If you or your business is stuck in litigation that is sucking you dry financially and emotionally, bankruptcy may be your best way out.
Getting Stuck in Litigation
You may not have been a candidate for filing bankruptcy when, many months or even a year or two ago you or your business got sued. Or maybe you did the suing yourself to try to correct a wrong that was done to you, and bankruptcy might have been the furthest thing from your mind at the time.
But whether you are the plaintiff or the defendant in this lawsuit, things aren’t going well. What you hoped would get resolved quickly in your favor has gotten bogged down, with your aggressive adversary forcing you to spend much more in attorney fees than you thought possible. You may well lose the lawsuit. Or if you win, it will be an empty victory because of what it cost you to get it, and/or because you will have little or nothing to show for all your money and effort.
If the lawsuit is heading in the wrong direction, your costs keep going up steeply, and your risk of losing is increasing, you need a way to get out of the lawsuit and be insulated from the liability that you now fear will come from it.
Here some reasons why filing bankruptcy might possibly be the best way to get out of this bad situation.
Bankruptcy Stops Litigation
The filing of a bankruptcy case immediately stops virtually all civil (non-criminal) lawsuits. This is especially helpful if you are about to be forced to incur a lot of attorney fees, such as if a series of depositions or if the trial were about to begin. This immediate stop to the litigation would also be important if your opponent was about to take a step potentially dangerous to you, such as to get a judgment against you, or to enforce a judgment against you or your assets.
A Helpful Pause
Besides stopping the litigation activity itself, that pause gives your opponent the opportunity to reconsider whether its own expenses, time and hassle are worthwhile. Getting out of the heat of the battle can make the other side take stock in whether its own very real costs are worth the questionable practical benefits arising from them.
These costs will often weigh more heavily on your opponent because your act of filing bankruptcy can take away many of the practical benefits your opponent was expecting out of the litigation.
The Threat of Discharge of the Debt
Most directly, once you file bankruptcy the pot of gold your opponent hoped to mine out of you will either completely evaporate or mostly so. Any debt you owe out of the litigation will either be completely discharged (legally written off), partially discharged, or will take the opponent a whole new battle to prevent from being discharged.
Most debts and other financial obligations are discharged in a Chapter 7 “straight bankruptcy.” If you chose to file a Chapter 13 “adjustment of debts” instead, the debt or obligation would likely be paid only a certain percentage of the full amount, often a small percentage, with the remaining portion completely discharged.
As to the possibility that a debt or obligation would not get discharged at all, only a few narrow categories are not discharged.

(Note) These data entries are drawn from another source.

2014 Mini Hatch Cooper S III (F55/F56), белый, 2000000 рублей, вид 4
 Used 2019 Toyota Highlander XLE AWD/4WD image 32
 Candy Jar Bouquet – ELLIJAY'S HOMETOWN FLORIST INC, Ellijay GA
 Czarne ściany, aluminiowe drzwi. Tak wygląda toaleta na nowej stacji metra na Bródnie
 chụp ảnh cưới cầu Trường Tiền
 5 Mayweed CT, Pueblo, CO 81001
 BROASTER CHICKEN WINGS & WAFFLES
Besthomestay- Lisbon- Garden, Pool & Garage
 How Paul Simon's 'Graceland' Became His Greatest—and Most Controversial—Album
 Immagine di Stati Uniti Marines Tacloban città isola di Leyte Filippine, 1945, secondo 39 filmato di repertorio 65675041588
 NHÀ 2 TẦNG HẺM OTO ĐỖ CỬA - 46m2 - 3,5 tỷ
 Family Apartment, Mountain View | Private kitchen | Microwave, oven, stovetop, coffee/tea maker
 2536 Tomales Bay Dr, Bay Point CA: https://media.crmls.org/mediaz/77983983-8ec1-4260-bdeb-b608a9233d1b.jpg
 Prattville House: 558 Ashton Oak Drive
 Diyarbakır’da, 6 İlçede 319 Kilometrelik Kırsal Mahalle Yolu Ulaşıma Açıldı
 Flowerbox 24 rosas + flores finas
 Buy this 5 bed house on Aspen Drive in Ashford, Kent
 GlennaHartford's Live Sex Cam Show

Your opponent would have to affirmatively show the obligation fits within one of those narrow categories, which would generally only apply if you tainted the obligation through some kind of fraudulent conduct in the incurring of the obligation. And even then, if your opponent did not formally object to the discharge of the obligation within a very short timeframe, the debt would be discharged regardless how it was incurred.
Tangible Evidence of Your Inability to Pay
You must sign under penalty of perjury the bankruptcy documents that you and your attorney prepare and file at court. These documents will reveal to your litigation opponent that you have very little in assets, all or essentially all of which are protected from your opponent. The documents will also often reveal that you have many other debts, perhaps including “priority” ones like recent income taxes and back child support that would have to be paid in full before any money would be available to your opponent.
As your opponent learns these realities, he will likely become less interested in wasting more attorney fees on chasing you.
Resolution of the Litigation
As a result of filing bankruptcy, your opponent’s claim against you will either be discharged altogether through Chapter 7, will be partially paid through Chapter 13, or else will likely be favorably settled by your opponent to avoid getting discharged. The pause created by the bankruptcy filing, together with the better negotiating posture your bankruptcy filing puts you into, will likely encourage your opponent to either give up or settle the matter quickly.